I’m a novelist too, remember? Remember!

If you’ve followed me for any time, you probably know that having three children in four years (plus a full-time job – see above) has somewhat affected my ability to quickly pen a second novel. I’ve come to accept it and I try to reflect on this excellent quote from Jessica Hische on a daily basis. Sometimes hourly.

“I think I’d be able to forgive myself for a few years of not being the most productive designer, but I couldn’t forgive myself for a few years of not being the best parent.”

But at some point the work must be done. There has been a lot of thought and planning gone into this second novel already. Words have been written, of course. But most of all, I now have a real sense of what I want the novel to say and do. I understand its tone. I just need to write.

So what’s the goal? I will try and be realistic and say I aim to have a first draft complete, as a minimum, by December.


We recorded the last episode of the Write for Your Life podcast at the start of 2016. Soon after, I redesigned, renamed and relaunched my newsletter: Shelflife. It was the only thing I consistently published throughout the year.

Shelflife gets consistently excellent open rates and the response to the new format has been overwhelmingly positive. That said, I do very little to try and get new people to subscribe. I plan to do something about that in 2017.

Primarily, that means I’m going to start sharing here on my website. I don’t currently have time for 2000-word think-pieces, but there is no reason why I can’t share more of what I read and watch online with you. My plan is to post regularly for the next three months and see how it goes.

So much – like, everything – depends on what I’ll be doing for a living, but a new podcast with Donna Sørensen is also on the cards. We have the idea. We have the will. We just need to create the time and make a pilot.

I know what you’re thinking. If I am to write a novel, how will I do all this other stuff too? Truth is, I’ve tried giving up the other stuff and it hasn’t worked. In fact, my slow retreat from the internet has made me feel more and more disconnected from the whole idea of being an author.

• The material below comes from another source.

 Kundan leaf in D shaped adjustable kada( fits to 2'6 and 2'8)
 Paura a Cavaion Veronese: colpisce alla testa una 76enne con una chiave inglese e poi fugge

It’s up to me to work better.


Finally, I thought I should talk about my reading. I’ve always been a slow and slightly picky reader, but the last couple of years have been particularly bad for me in terms of the number of books read. Can I blame having children again?

The good news is, I have already started dealing with this. In November, I started tracking my reading. I decided to read at least 25 pages a day and I’m using an app called Momentum for extra motivation.

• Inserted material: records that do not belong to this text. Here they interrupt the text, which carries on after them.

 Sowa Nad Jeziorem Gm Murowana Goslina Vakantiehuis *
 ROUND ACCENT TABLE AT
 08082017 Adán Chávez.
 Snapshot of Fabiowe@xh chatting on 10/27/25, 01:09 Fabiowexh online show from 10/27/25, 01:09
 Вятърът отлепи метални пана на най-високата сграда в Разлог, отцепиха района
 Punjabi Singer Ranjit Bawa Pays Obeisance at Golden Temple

25 pages may not seem like many, I know. But I’m finding it a very doable number. I’ve missed just a handful of days, mainly over Christmas, and that daily progress has helped me fly through a few books. As a technique, it’s working and that’s what matters.

Again, being realistic, I’d like to read around 30 books in 2017.

Anything else?

Yes, just one more thing and I touched on it when I wrote about the US election results. This year, I aim to change how much I use technology to read the news. 2016 was brutal, but it was also addictive.

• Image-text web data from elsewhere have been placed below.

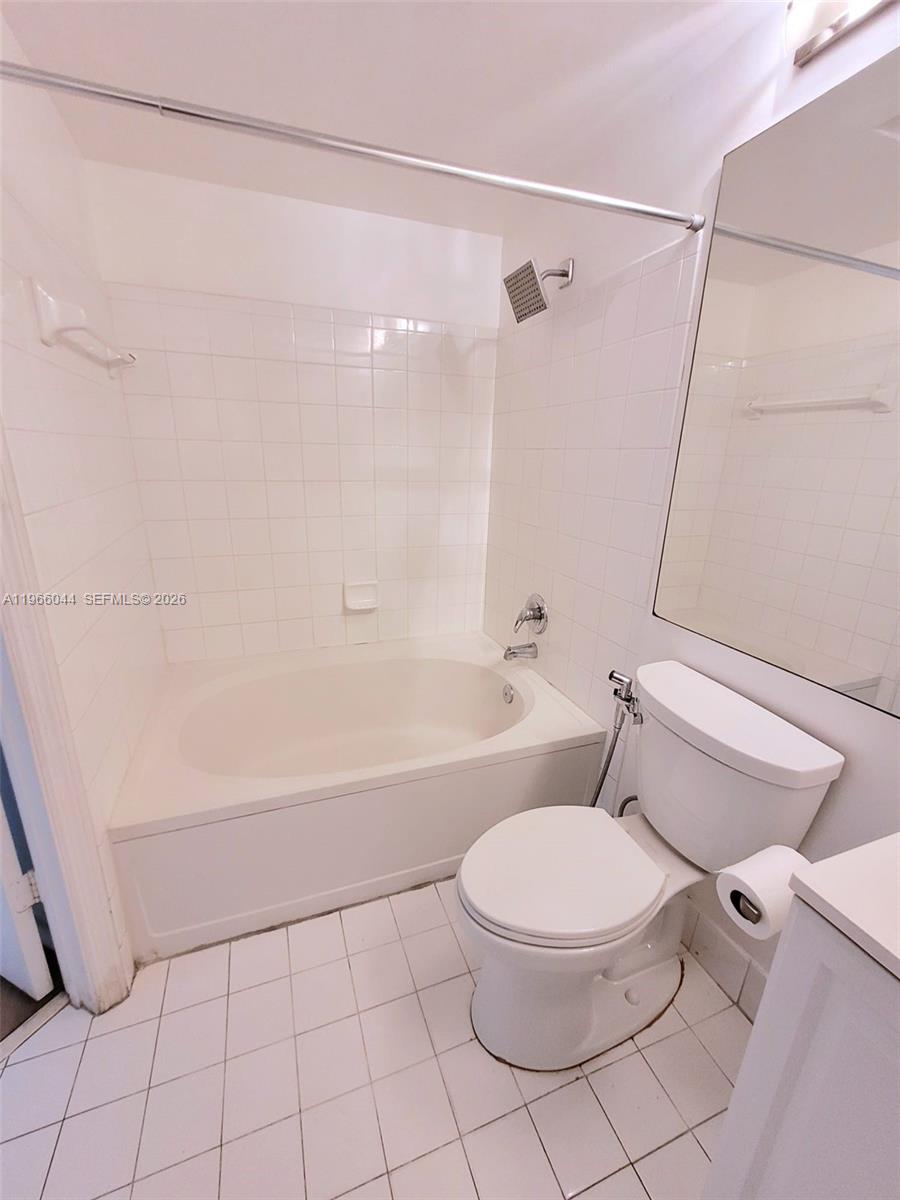 image Porto Bellagio Condo15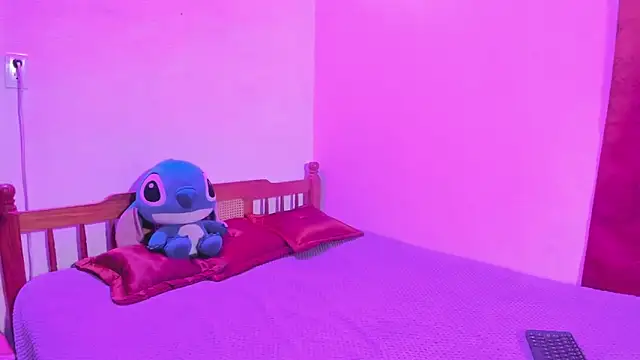Ivanna18 x online show from 06-15-26, 02:01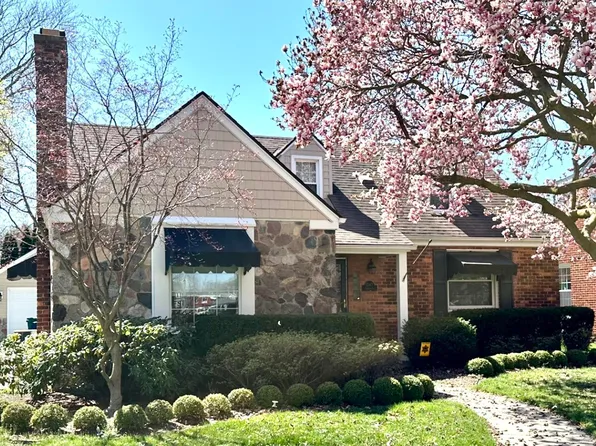 1247 Cadieux Rd, Grosse Pointe, MI 48230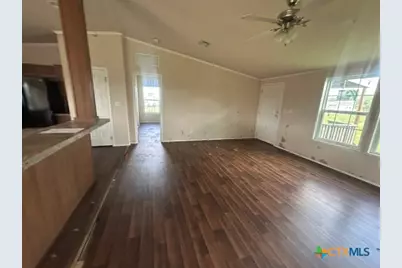 268 W Oaks, Victoria, TX 77905 - Photo 9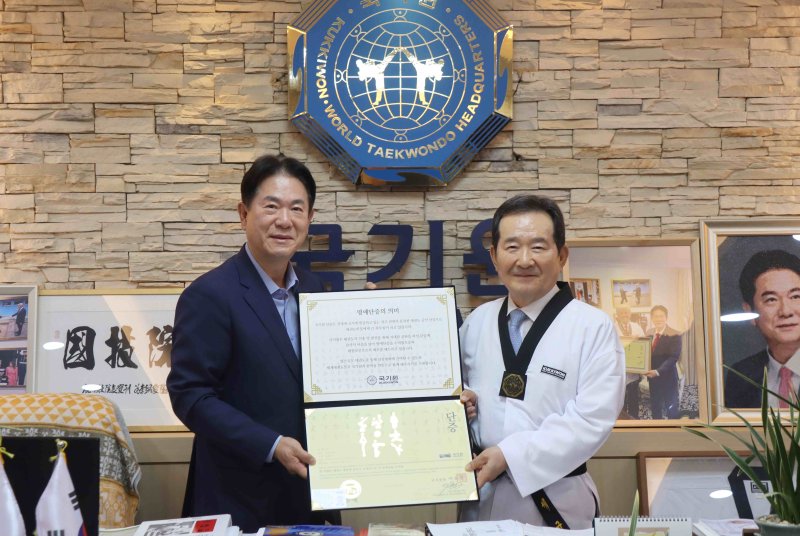[서울=뉴시스] 이동섭 바카라사이트 승리바카라 소울카지노장(왼쪽)과 정세균 전 국무총리. (사진 = 바카라사이트 승리바카라 소울카지노 제공) *재판매 및 DB 금지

I’m not going to live in a hut somewhere, but I do want to significantly reduce how much noise I let into my brain. It’s not good for me and it’s not good for you, either. So let’s switch off and make stuff instead.

Minimum viable podcast – how I showed my work and tested an idea

Have you ever spent months, maybe years, either thinking about or working on an idea that you’ve been completely unsure of? Where you frequently move between, ‘This is brilliant,’ and ‘What on Earth am I doing?’

That was me for far too long, so I decided to do something about it. I had an idea for a podcast that I liked, but I wasn’t sure if anyone else would. Inspired by the concept of building a minimum viable product, I decided to show my work and test the idea with real, actual people.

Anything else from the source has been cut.